The truth is, tech-savvy hotel industry leaders saw this coming, and they had already started planning for Wi-Fi. But it wasn’t going to be ready before wired internet could be rolled out, so they plodded on, installing a technology that was quickly losing favor and would be replaced in short order.
Does this sound familiar?
The US securities industry is about to embark on a two-to-three-year transition from two-day settlement (T+2) to one-day settlement (T+1), and most industry participants are expecting the transition to netted same-day settlement (T+0) to begin right after that. Indeed, a significant number of post-trade professionals would prefer to bypass T+1 and go directly to netted T+0.
Like the transition from dial-up phone connections to wired high-speed Internet, and finally to Wi-Fi, the technologies and processes do already exist for netted T+0. The Depository Trust and Clearing Corporation’s (DTCC) clearing systems can already handle same-day settlement, as can their DLT-based Project Ion, which the infrastructure giant is urging its members to experiment with even during the run-up to T+1.
Widescale real-time settlement is still science fiction
Adding to industry impatience is the growth of private networks such as Paxos, which boasts same-day settlement for its members’ trades, and up-and-coming FinTech-based trading platforms like Extraordinary Re that settle trades in real-time.
But let’s stipulate that adoption of industry-wide real-time gross settlement (RTGS) is likely a long way off. Abolishing netting, which currently eliminates the need to settle almost 99% of daily transactions, would inexorably increase settlement fails, in effect exchanging one set of operational risks and inefficiencies for another. Even more important, the elimination of the central counterparty (CCP) trade guaranty under RTGS is not a risk scenario the industry has any appetite for. And don’t even get me started on how the securities lending folks feel about it.
So the settlement cycle the industry will likely set its sights on after T+1 is netted T+0. And similar to what more proactive hotel industry CTOs advised almost of a quarter of a century ago, many firms will examine what they can do the next two or three years – while preparing for T+1 – to also facilitate the eventual move to netted T+0.

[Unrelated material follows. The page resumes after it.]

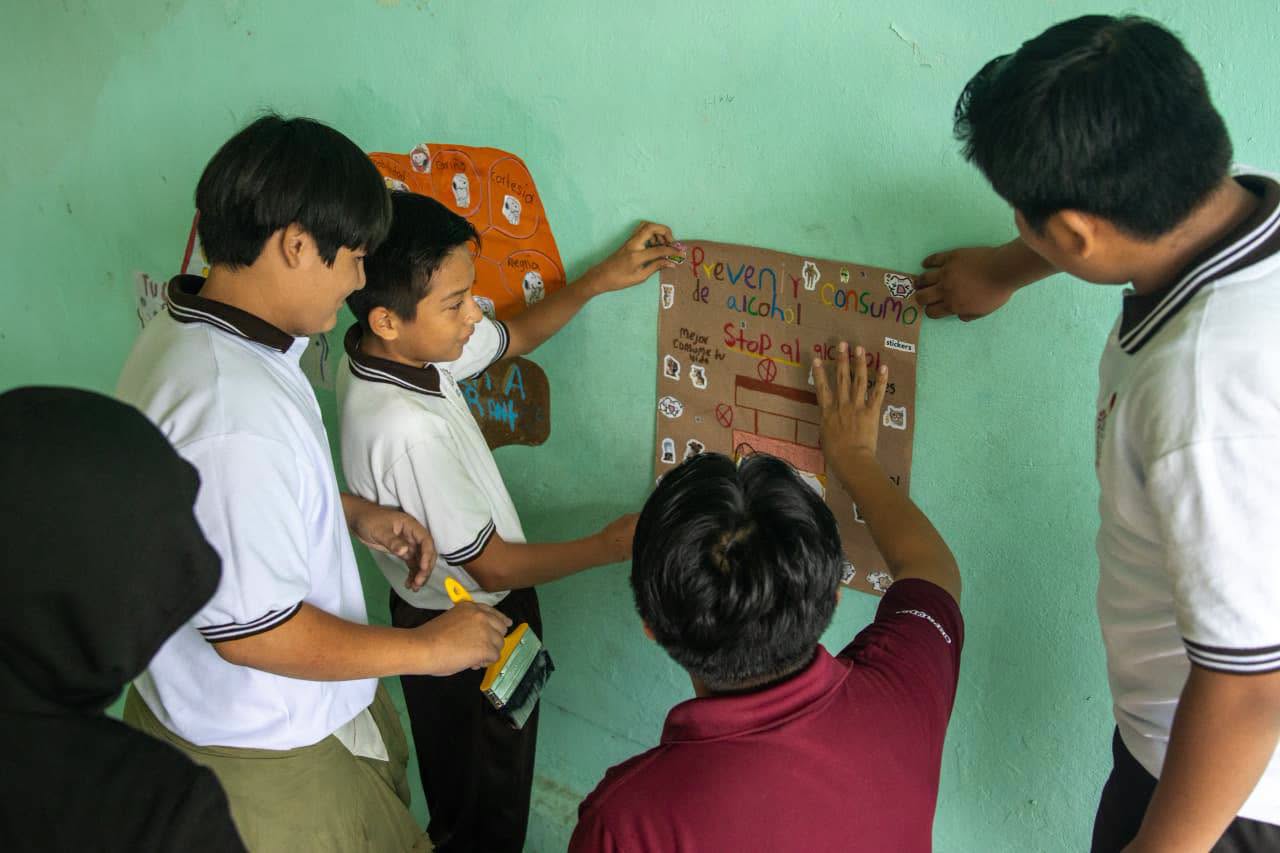 Imagen 2 de la publicación de Línea Abierta Yucatán: Estudiantes de Motul crean “Comando Colmena” para prevenir riesgos digitales en su escuela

One of the key areas to look at will be trade reconciliation. Reconciliation is difficult enough today, under T+2, with a full day available to fix trade breaks before they become settlement fails; it will be even more difficult under T+1, when reconciliation will need to be done without the one-day buffer. Imagine the difficulty under netted T+0, when the process has to be squeezed into hours, at best. This is an area ripe for process improvement.

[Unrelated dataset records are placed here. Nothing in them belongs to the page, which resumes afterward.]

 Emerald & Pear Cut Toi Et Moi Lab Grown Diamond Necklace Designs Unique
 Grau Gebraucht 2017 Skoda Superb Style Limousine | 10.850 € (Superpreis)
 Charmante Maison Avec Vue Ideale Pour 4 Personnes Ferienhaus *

Emphasis will shift from identifying and correcting breaks to preventing them from needing reconciliation in the first place. Artificial Intelligence and Machine Learning will be leveraged to assist in identifying patterns and probabilities of fails so that they can be systemically addressed. And outsourced reconciliation vendors will become more popular as they can adapt to changes faster and can analyse break patterns from multiple clients to determine common solutions.
Along those same lines, the trend toward full life cycle vendor propositions, and even front-to-custody/prime STP, will intensify under T+1 settlement, and should be considered sooner rather than later as a springboard to netted T+0. Let the vendors do the heavy lifting instead of doing it yourself twice in the span of a few years!
Finally, we should start thinking outside the box. Infrastructure organisations are doing their parts to provide DLT-based settlement platforms; let’s get into high gear on blockchain applications for internal processes and peer-to-peer transactions as well. Almost by definition, DLT-based applications will eliminate the need for reconciliation. And then we are 90% of the way to netted T+0.
So, it’s wired vs. wi-fi. What about real-time settlement? That’s subspace transmission. Live long and prosper.